Temporal Difference Learning for Model Predictive Control

Source

@inproceedings{Hansen_2022_tdmpc,
    title = {Temporal Difference Learning for Model Predictive Control},
    author = {Hansen, Nicklas and Wang, Xiaolong and Su, Hao},
    year = 2022,
    booktitle = {International Conference on Machine Learning (ICML)},
    publisher = {PMLR}
}

(UC San Diego) | arXiv

TL;DR

…

Concept

Flash Reading

Abstract: Data-driven MPC has two benefits: potentially improved sample efficiency and better performance as computational budget for planning increases. But it is costly to train over long horizons and challenging to obtain accurate environment models. This work uses a learned task-oriented latent dynamics model for local trajectory optimization over a short horizon, and use a learned terminal value function to estimate long-term return.
Introduction: The use of an environment model helps agent to plan a trajectory of actions ahead of time, rather than the trial-and-error of model-free RL. Model-based methods suffer from two problems: planning over long horizons is expensive, and learned models can have biases. While MPC is expensive over long horizons, a learned long-term terminal value function can help. The proposed TD-MPC jointly learns a task-oriented latent dynamics model and terminal value function.
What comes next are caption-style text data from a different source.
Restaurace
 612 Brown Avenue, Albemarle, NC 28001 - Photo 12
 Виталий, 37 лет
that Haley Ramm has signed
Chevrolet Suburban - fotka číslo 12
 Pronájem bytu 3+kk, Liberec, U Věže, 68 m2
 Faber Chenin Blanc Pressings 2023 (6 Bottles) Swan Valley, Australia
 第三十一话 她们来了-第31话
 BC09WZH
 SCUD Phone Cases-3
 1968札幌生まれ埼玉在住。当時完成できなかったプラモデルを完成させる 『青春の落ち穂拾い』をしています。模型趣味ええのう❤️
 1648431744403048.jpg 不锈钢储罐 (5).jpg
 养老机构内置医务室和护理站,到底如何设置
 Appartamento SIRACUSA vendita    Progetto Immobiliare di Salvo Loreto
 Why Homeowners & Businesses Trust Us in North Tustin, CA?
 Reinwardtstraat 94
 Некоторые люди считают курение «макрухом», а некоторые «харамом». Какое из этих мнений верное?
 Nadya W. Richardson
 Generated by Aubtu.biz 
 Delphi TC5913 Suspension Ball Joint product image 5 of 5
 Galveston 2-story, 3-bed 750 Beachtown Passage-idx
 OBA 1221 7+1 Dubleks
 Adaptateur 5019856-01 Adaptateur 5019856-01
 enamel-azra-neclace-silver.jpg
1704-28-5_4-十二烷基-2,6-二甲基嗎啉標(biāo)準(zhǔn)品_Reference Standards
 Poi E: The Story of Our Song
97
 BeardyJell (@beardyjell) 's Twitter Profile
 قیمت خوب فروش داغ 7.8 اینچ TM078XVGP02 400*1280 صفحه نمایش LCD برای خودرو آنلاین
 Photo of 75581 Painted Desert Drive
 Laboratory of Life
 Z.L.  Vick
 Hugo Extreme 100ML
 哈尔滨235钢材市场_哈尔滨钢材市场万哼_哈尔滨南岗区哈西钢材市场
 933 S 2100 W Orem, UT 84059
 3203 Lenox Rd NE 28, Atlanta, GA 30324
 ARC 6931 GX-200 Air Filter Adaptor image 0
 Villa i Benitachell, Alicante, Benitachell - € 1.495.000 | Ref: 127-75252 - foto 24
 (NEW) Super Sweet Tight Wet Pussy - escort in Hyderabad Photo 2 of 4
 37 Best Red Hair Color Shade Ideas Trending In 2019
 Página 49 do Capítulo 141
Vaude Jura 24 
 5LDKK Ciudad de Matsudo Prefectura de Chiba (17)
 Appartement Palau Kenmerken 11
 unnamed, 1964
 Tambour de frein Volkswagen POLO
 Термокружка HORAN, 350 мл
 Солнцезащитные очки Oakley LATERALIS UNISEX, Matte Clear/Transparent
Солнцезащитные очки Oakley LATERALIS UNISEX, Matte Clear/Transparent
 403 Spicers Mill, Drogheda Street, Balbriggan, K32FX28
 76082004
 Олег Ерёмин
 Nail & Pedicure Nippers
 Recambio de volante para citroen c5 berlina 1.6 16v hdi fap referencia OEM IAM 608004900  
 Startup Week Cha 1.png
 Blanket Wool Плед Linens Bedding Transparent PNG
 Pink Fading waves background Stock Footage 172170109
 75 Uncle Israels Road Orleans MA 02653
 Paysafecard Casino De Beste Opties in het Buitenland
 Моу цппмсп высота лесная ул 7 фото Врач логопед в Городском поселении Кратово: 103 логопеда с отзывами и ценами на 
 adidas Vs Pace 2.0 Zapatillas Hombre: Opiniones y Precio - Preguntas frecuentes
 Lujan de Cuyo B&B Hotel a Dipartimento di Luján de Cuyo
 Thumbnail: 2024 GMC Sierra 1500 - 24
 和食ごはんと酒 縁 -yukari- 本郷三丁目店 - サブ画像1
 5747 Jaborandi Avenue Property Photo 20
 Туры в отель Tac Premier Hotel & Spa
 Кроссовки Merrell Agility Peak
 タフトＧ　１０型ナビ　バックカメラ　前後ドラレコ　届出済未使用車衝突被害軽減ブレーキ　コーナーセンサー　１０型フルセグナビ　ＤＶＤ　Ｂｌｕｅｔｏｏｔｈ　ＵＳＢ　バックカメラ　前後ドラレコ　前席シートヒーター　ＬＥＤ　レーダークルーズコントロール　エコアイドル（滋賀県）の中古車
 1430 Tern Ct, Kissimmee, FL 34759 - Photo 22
Three technical contributions: (a) The latent dynamics model is learned from rewards without prediction of states; (b) Gradients from the reward and TD-objective are backpropagated through multiple rollout steps of the model to improve long-term predictions; (c) A modality-agnostic prediction loss in latent space that enforces temporal consistency is used.
Preliminaries: The aim is to learn a policy $\Pi_\theta:\mathcal{S}\to\mathcal{A}$ that maximizes the expected discounted return $\mathbb{E}[\sum_{t=0}^\infty \gamma^t r_t]$. Model-free TD methods learn a state-action value function $Q_\theta:\mathcal{S}\times\mathcal{A}\to\mathbb{R}$ that satisfies the Bellman equation $Q_\theta(s_t,a_t)=r_t+\gamma \mathbb{E}_{a_{t+1}\sim\Pi_\theta}[Q_\theta(s_{t+1},a_{t+1})]$. The optimal Q-function $Q^*$ can be estimated by $\theta' \leftarrow \arg\min_\theta \mathbb{E}_{(s_t,a_t,s_{t+1})\sim\mathcal{B}} \| Q_\theta(s_t,a_t) - y \|^2.$ where $\mathcal{B}$ is a replay buffer, $y=r_t+\gamma \max_{a_{t+1}}[Q_{\bar{\theta}}(s_{t+1},a_{t+1})]$ is the Q-target, and $\bar{\theta}$ are the parameters of a target network. The policy can be learned by maximizing $Q_\theta(s_t,\Pi_\theta(s_t))$. In actor-critic RL, $\Pi$ is normally a neural network. In MPC, $\Pi$ is obtained by solving an optimization problem with a finite horizon $H$. If the value function is known, the MPC problem can be augmented with a terminal value function, called MPC with terminal value function. To distinguish between the two, $\Pi_\theta$ is used for MPC and $\pi_\theta$ is used for RL.
TD-MPC: It uses Model Predictive Path Integral (MPPI) [1] for planning $\Pi_\theta$, learned dynamics model $d_\theta$, learned reward model $R_\theta$, terminal state-action value function $Q_\theta$, and a policy $\pi_\theta$ guiding planning. During inference, in each outer $J$-loop, $H$ actions within the horizon are sampled from $\mathcal{N}(\mu^j,\sigma^j)$ to get a trajectory. Totally $N$ trajectories are sampled. For each trajectory, an estimated return is computed. Then, the mean and variance of the action distribution are updated according to the return-weighted average, until $\mu^J$ and $\sigma^J$. To make it converge faster, a warm-start is used by reusing the 1-step shifted mean µ obtained at the previous step. Model-free RL uses action noise to explore, here the sigma is constrained to be larger than a decaying minimum value. Apart from the randomly generated actions, extra trajectories are generated by the policy $\pi_\theta$.
Task-Oriented Latent Dynamics (TOLD): Rather than attempting to model the environment, TOLD learns to only model elements of the environment that are predictive of reward. During training, the model does two things: (a) improving TOLD using data collected from previous environment interaction; (b) collecting new data from the environment by online planning of action sequences with TD-MPC, using TOLD for generating imagined rollouts. TOLD consists of an encoder $z_t=h_\theta(s_t)$, a latent dynamics model $z_{t+1}=d_\theta(z_t,a_t)$, a reward model $r_t=R_\theta(z_t,a_t)$, a value function $Q_\theta(z_t,a_t)$, and a policy $\pi_\theta(z_t)$. … More in the paper.

References

[1] Aggressive driving with model predictive path integral control, ICRA 2016. IEEE Website

Extension

MPPI is an MPC algorithm that iteratively updates parameters for a family of distributions using an importance weighted average of the estimated top-k sampled trajectories.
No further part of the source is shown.